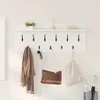 A white wall-mounted coat rack with a shelf above it, displaying various items like scarves, bags, keys, and umbrellas. Voir les images du produit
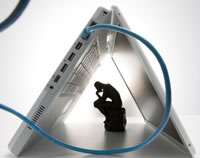 'The Thinker' and laptop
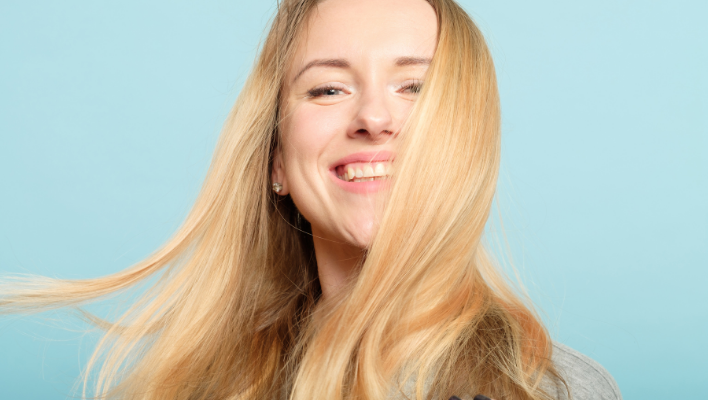 femme souriante aux cheveux blonds brillants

Your task | Since the pictures are not wanted, transcribe the rest of the listing above exactly.

Response |
 A white wall-mounted coat rack with a shelf above it, displaying various items like scarves, bags, keys, and umbrellas. Voir les images du produit
 'The Thinker' and laptop
 femme souriante aux cheveux blonds brillants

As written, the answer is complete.